⟨
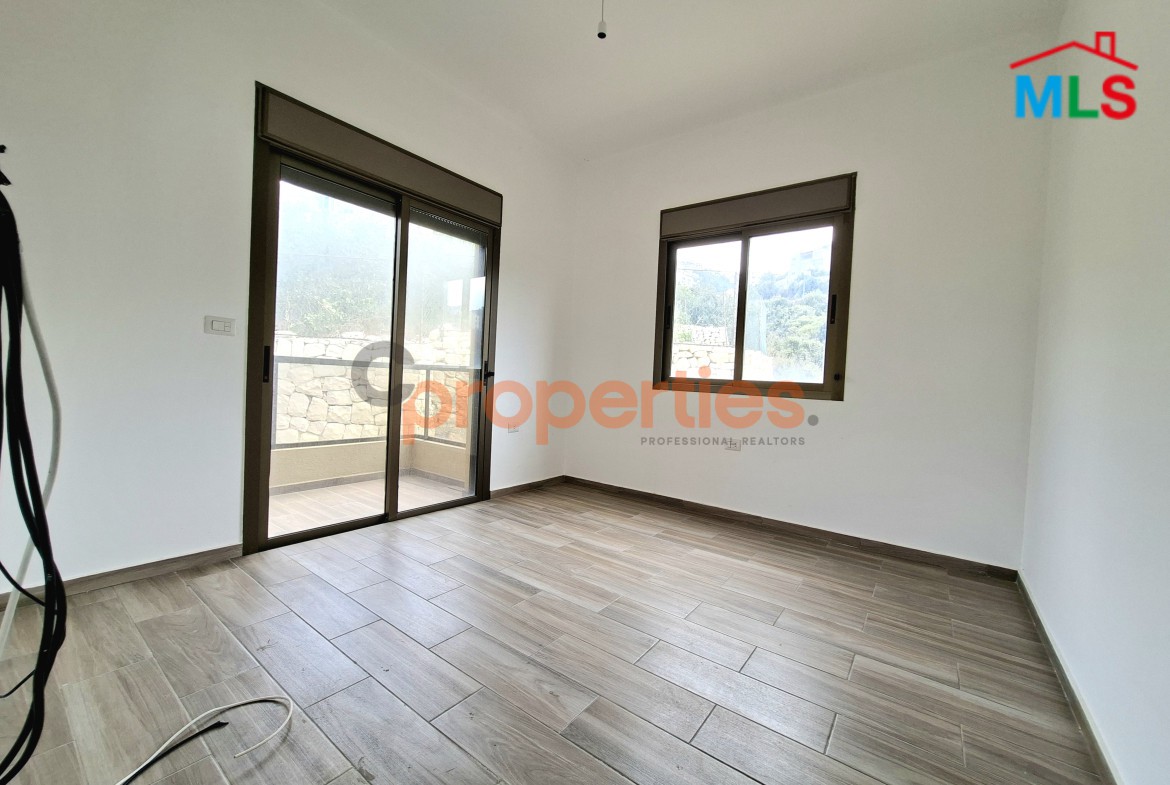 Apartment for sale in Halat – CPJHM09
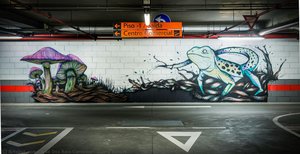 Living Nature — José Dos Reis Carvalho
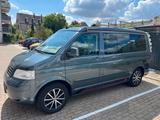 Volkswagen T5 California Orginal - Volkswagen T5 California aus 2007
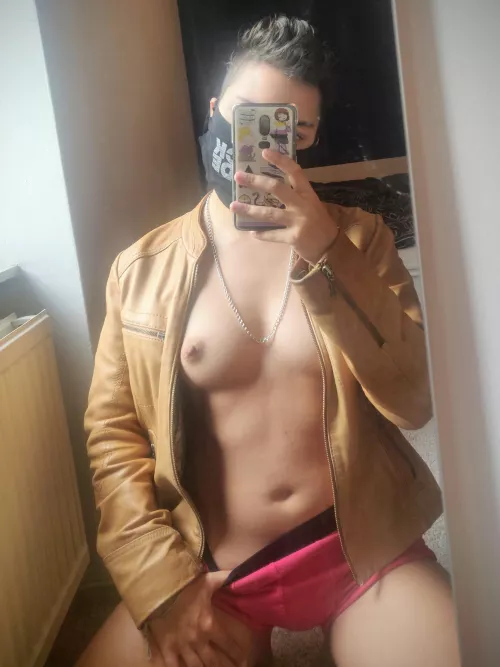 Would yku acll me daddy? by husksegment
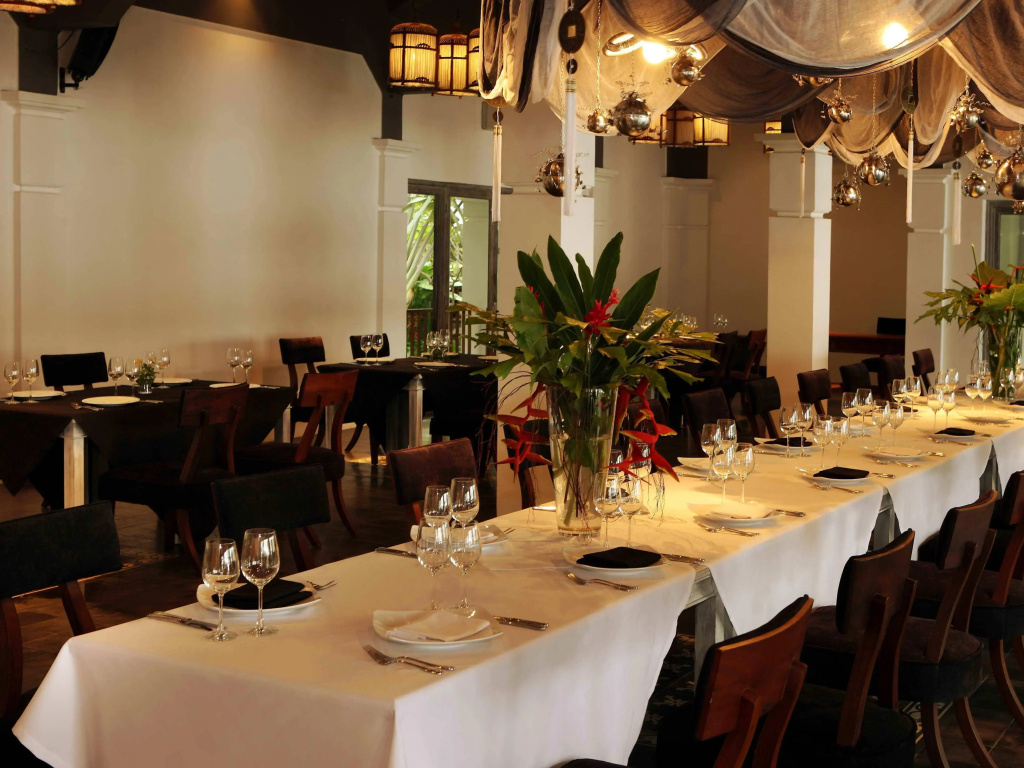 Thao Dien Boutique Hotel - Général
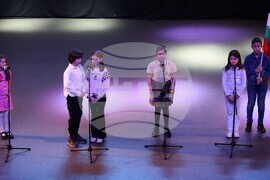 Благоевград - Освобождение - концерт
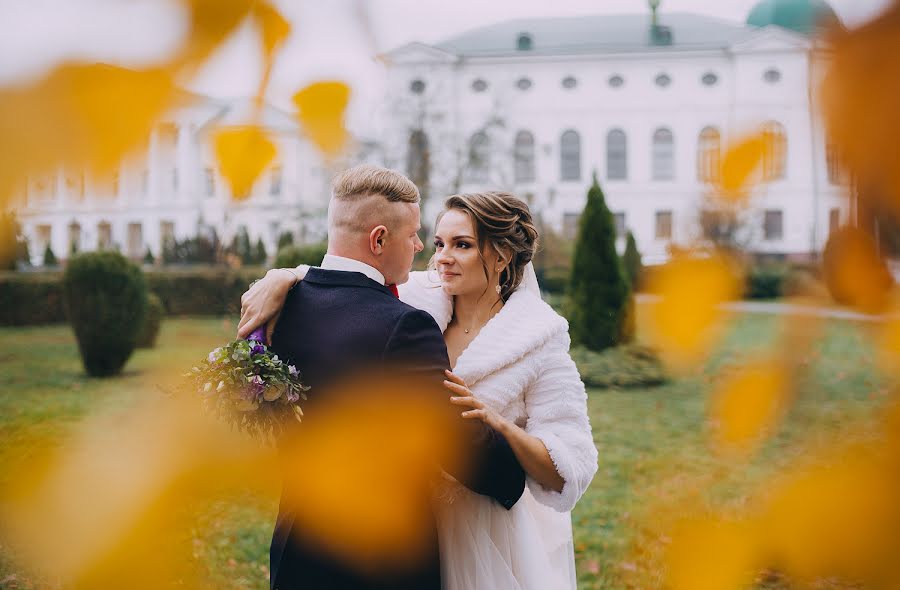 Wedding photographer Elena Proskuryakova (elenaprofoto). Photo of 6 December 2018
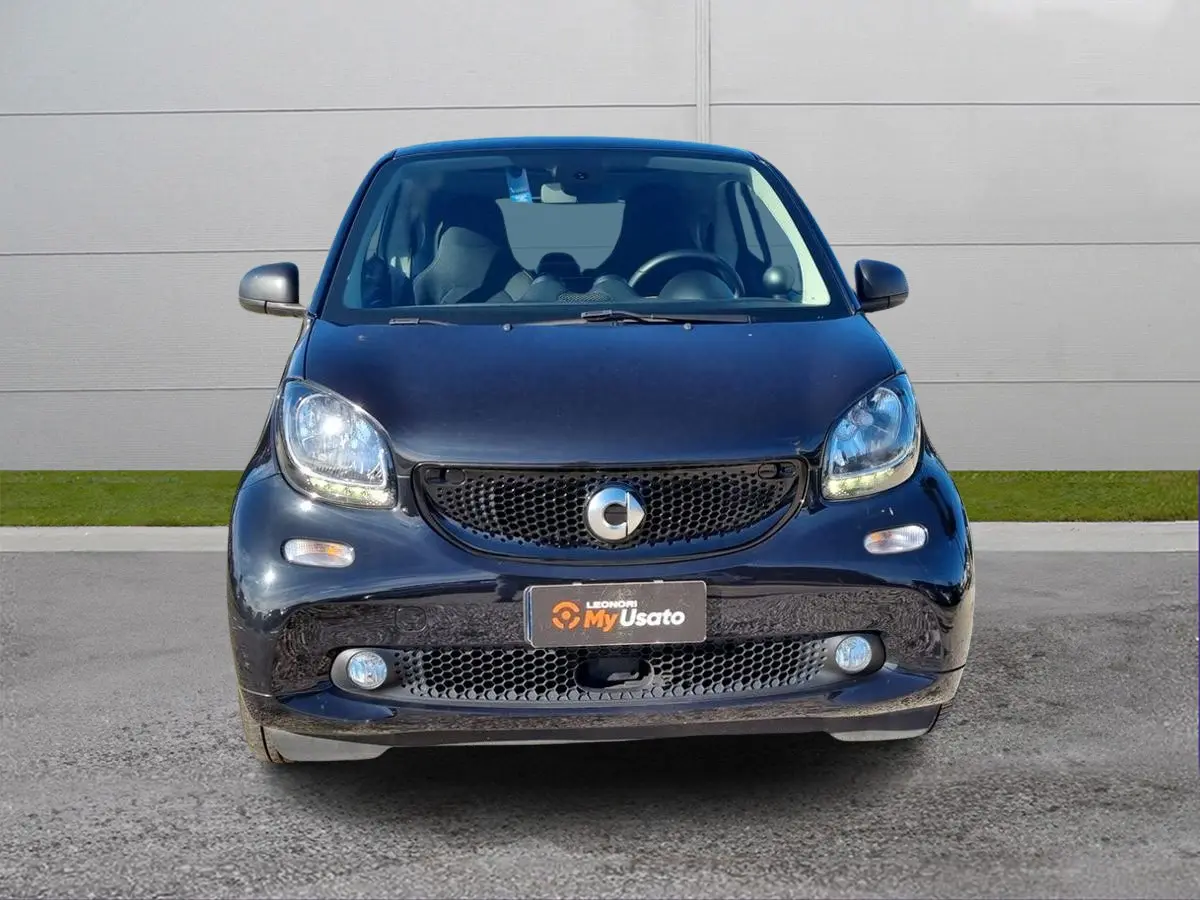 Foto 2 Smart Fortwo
⟩
⟨
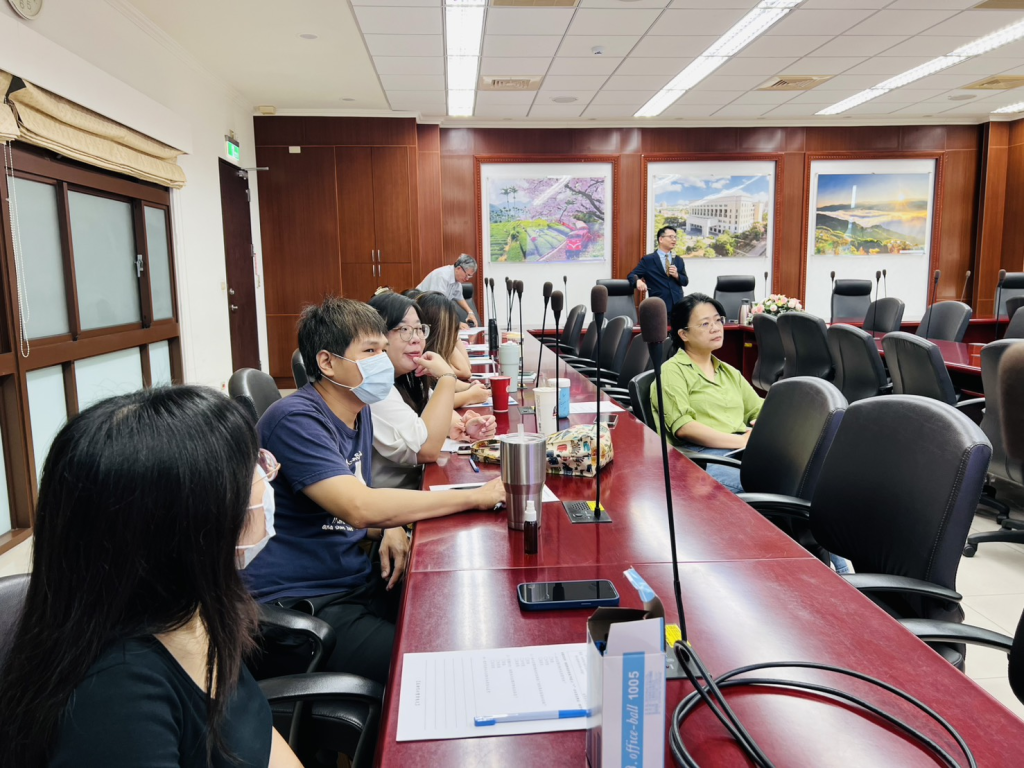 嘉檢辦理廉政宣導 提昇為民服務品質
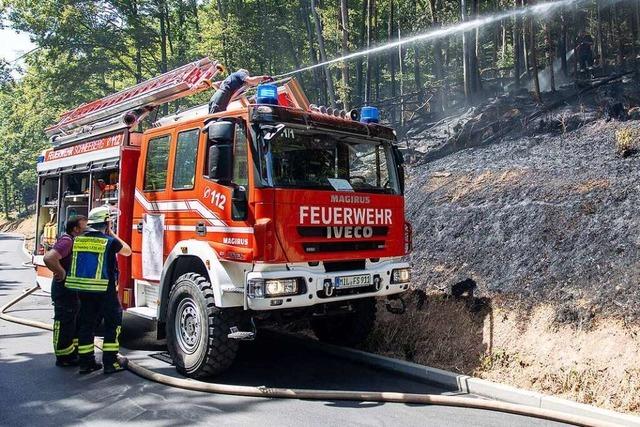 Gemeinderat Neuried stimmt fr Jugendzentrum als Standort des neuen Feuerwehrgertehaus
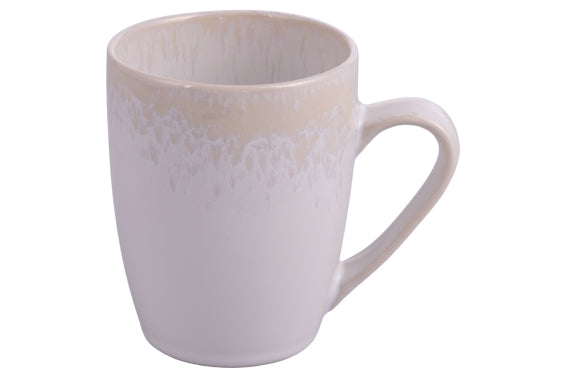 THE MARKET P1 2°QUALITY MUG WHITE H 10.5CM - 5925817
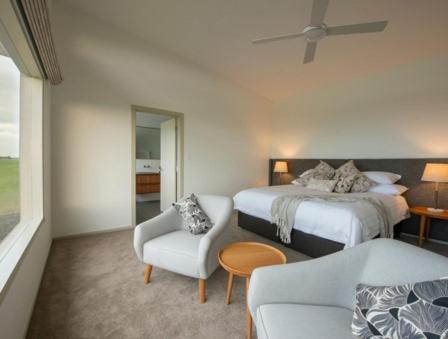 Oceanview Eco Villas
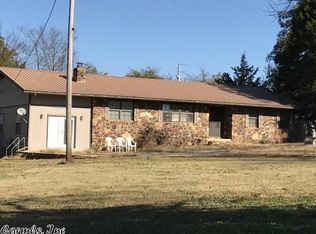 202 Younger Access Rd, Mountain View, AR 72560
⟩
⟨
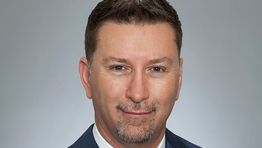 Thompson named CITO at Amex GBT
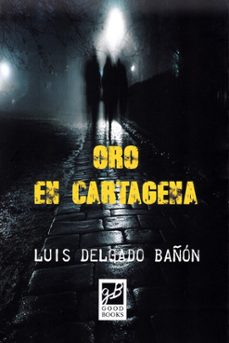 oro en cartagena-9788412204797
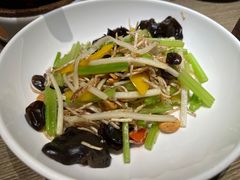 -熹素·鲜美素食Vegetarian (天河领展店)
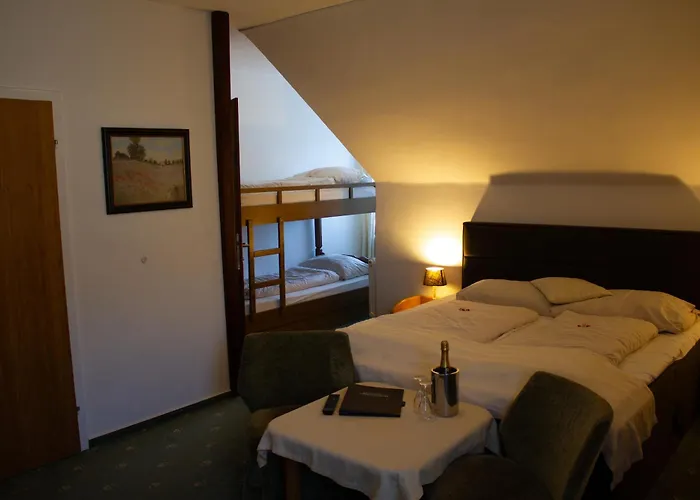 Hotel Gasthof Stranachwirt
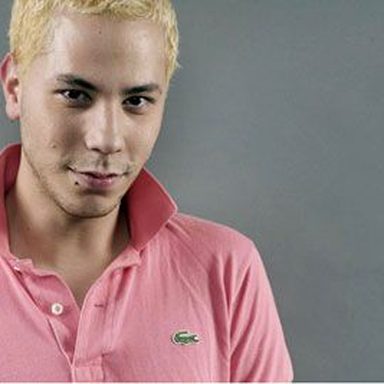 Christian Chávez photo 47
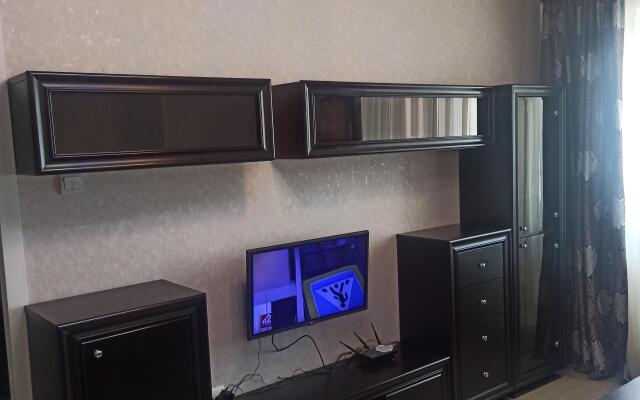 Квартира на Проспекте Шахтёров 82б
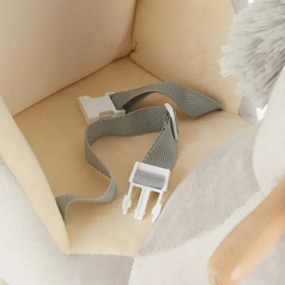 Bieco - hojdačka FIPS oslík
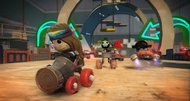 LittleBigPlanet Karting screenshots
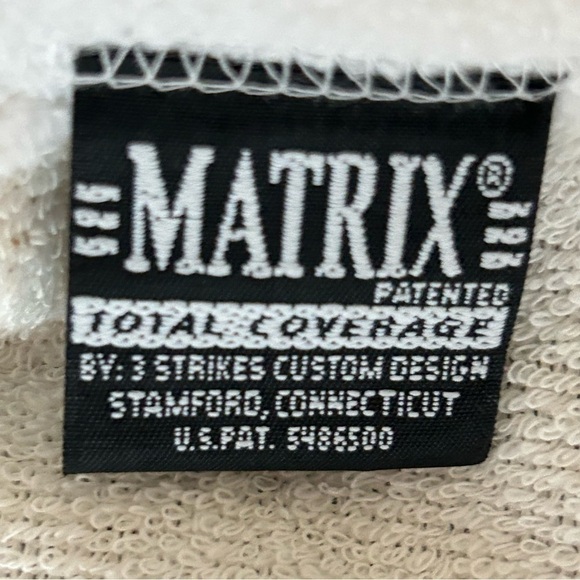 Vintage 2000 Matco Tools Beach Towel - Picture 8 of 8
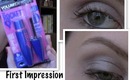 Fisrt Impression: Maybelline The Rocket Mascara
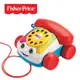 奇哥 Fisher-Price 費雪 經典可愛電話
⟩
## Task details
Repeat, without pictures, exactly the lines of the data above from the one containing "Wedding photographer Elena" through the one containing "Foto 2 Smart Fortwo", including both and adding nothing.

## Result below
 Wedding photographer Elena Proskuryakova (elenaprofoto). Photo of 6 December 2018
 Foto 2 Smart Fortwo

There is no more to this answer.